## Exercise prompt
Transcribe word for word the lines below from the line with "2026 Herren Sandalen" through the line with "3 Piece Lightweight", ends included.

## Input data
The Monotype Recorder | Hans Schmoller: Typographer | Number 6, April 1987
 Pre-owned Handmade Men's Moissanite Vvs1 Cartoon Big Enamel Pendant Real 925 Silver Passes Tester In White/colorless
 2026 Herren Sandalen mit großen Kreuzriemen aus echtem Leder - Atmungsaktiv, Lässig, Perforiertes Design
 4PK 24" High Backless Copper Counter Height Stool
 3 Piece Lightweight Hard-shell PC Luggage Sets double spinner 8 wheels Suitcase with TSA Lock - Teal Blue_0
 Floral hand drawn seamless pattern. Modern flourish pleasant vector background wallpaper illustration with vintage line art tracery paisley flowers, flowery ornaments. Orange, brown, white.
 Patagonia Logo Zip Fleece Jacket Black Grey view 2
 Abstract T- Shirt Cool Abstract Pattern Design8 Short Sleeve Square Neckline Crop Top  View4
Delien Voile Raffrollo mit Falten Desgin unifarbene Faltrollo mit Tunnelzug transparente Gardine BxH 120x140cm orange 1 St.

## Answer
 2026 Herren Sandalen mit großen Kreuzriemen aus echtem Leder - Atmungsaktiv, Lässig, Perforiertes Design
 4PK 24" High Backless Copper Counter Height Stool
 3 Piece Lightweight Hard-shell PC Luggage Sets double spinner 8 wheels Suitcase with TSA Lock - Teal Blue_0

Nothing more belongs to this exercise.